Cercle vicieux

 

Source : L’Apocalypse de Jean, traduite et commentée par Jean-Yves Leloup, éditions Albin Michel, collection Espaces libres

Salό ou les 120 journées… (1975) de Pasolini se construit selon les développements successifs des quatre Cavaliers de l’Apocalypse et des quatre perversions qu’ils incarnent. S’appropriant le pouvoir, quatre hommes d’État emmènent dans un château jeunes hommes et jeunes filles pour en abuser selon leur caprice. L’affirmation de leur liberté comme arbitraire se veut coupée de toute référence à un être, un ordre, une nature ou une loi. Ils ne déploieront leur intelligence que pour mieux asservir l’autre à leurs appétits insatiables de puissance et de jouissance, inaugurant par cette décision leur chevauchée démente ; le cheval blanc et tout ce qu’il symbolise.
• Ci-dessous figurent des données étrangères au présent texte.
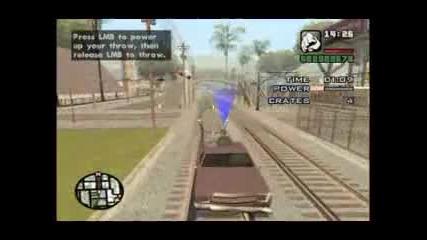 Gta San Andreas mission 16 - Catalyst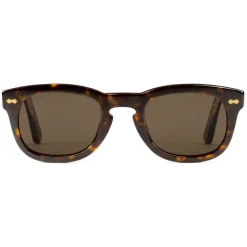Gucci - Square Acetate Sunglasses - Turtle Acetate - Gucci Eyewear - Avvenice
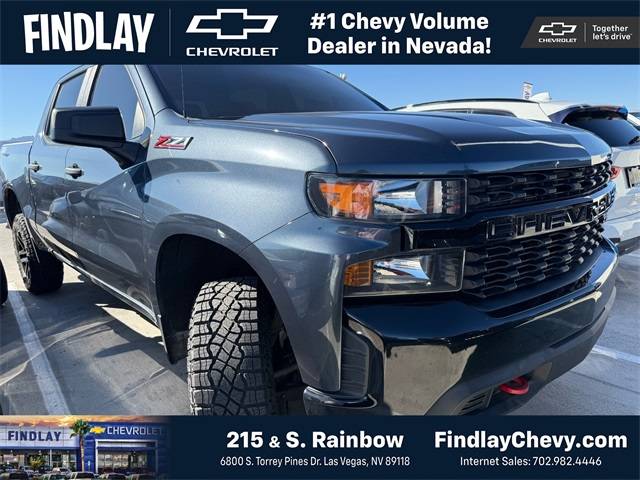2021 Chevrolet Silverado 1500 Custom Trail Boss — Pickup Truck — 78,408 mi — Las Vegas, NV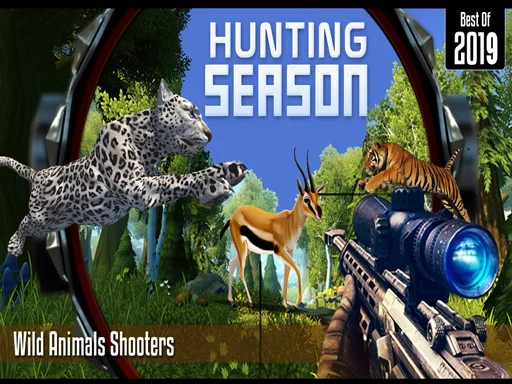 Hunting Season Hunt or be hunted! - Play Free Game
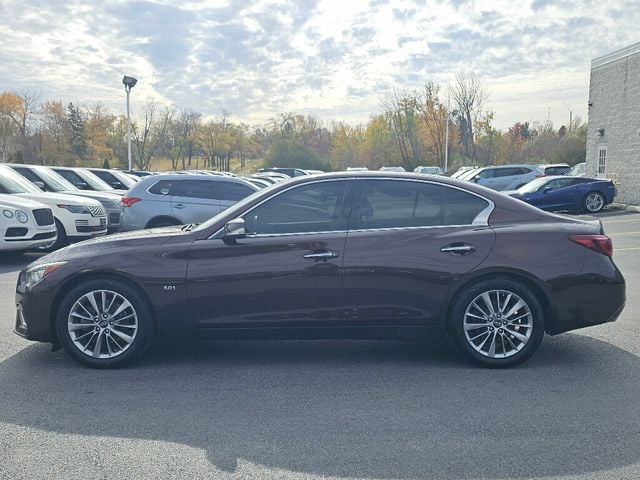 2018 INFINITI Q50 3.0t LUXE AWD - 22934212 - 14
Vient ensuite la perversion de l’amour réduit au sexe, avec la réduction de l’autre à un objet disponible pour l’exutoire de ses fantasmes et la décharge de ses tensions. Pasolini appelle girone della manie, cercle des passions, cette étape, laissant pressentir à travers l’attirance des protagonistes pour l’anus de leur victime quelle sera l’étape suivante.
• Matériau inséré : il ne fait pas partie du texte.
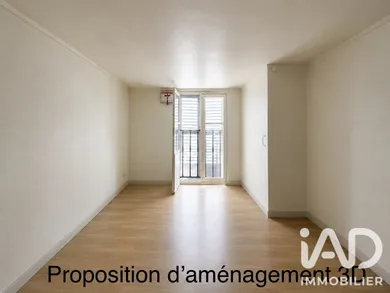 Studio à Paris (75009)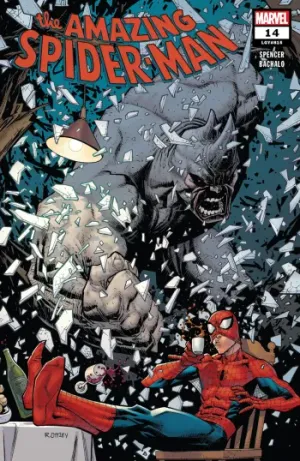 The Amazing Spider-Man (2018) Issue #14 cover
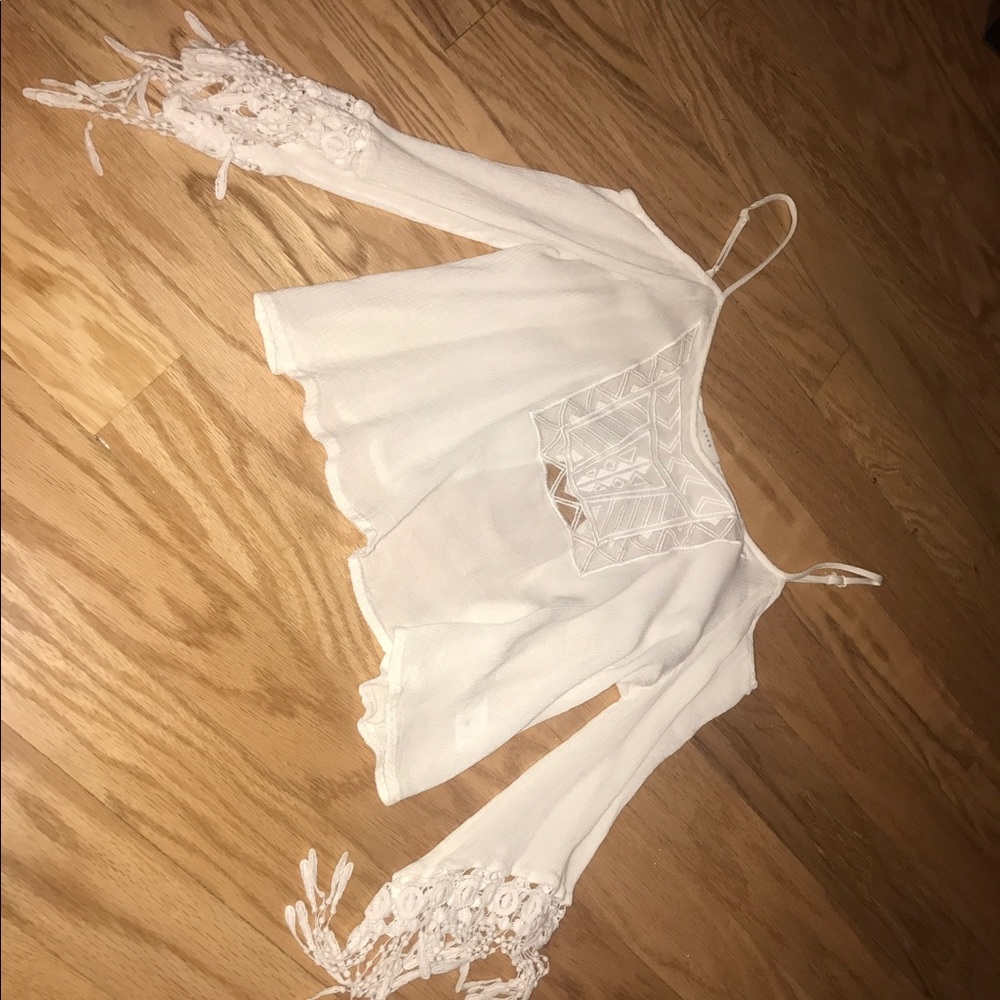 LUSH bohemian top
Dans cette nouvelle étape, c’est bien le cheval noirâtre qui sera la monture : le corps de l’autre sera réduit non seulement à une partie de lui-même, et son expression éjaculation, mais à ses déchets et ses excréments. Jeunes garçons et jeunes filles sont obligés de faire de leurs matières fécales leur seule nourriture et entrent ainsi dans ce que Pasolini appelle girone della merda, cercle de la merde. La matière mange la matière, elle se mange et se dissout elle-même, il n’y a rien d’autre.

Mais avant de retourner au néant, cette matière doit encore subir d’autres sévices et c’est la partie la plus insupportable du film : dans le « cercle du sang », les quatre pervers sont montrés en train de jouir à la vue des tortures de plus en plus raffinées et intolérables, arrachement des yeux, de la peau, etc. Après cela, il ne reste plus que la mort, voile verdâtre qui se déchire sur l’abîme. Pasolini ne fait pas explicitement référence à l’Apocalypse et aux quatre Cavaliers, mais la progression de son film illustre bien les mécanismes et la logique de la perversion dont l’œuvre de Sade est en quelque sorte la démonstration.

Sade, dès son premier texte de 1782, Dialogue entre un prêtre et un moribond, affirme que l’athéisme est la seule attitude « raisonnable » qui s’accorde avec une explication de l’univers par le matérialisme. Pour le baron d’Holbach (1723-1789), tout n’est que matière en mouvement, et le monde se meut de lui-même. Toute idée d’un être reconnu comme principe ou origine de cette matière se mouvant par et pour elle-même doit être rejetée. On peut alors en faire ce qu’on veut et Sade découvrira par étapes successives, ce sera toute l’évocation de Juliette, qu’il n’est pas de plus grand plaisir que le viol…

On dirait, dans le langage de l’Apocalypse, que la gueule du Dragon est la seule évidence et qu’elle a pris la place du visage humain.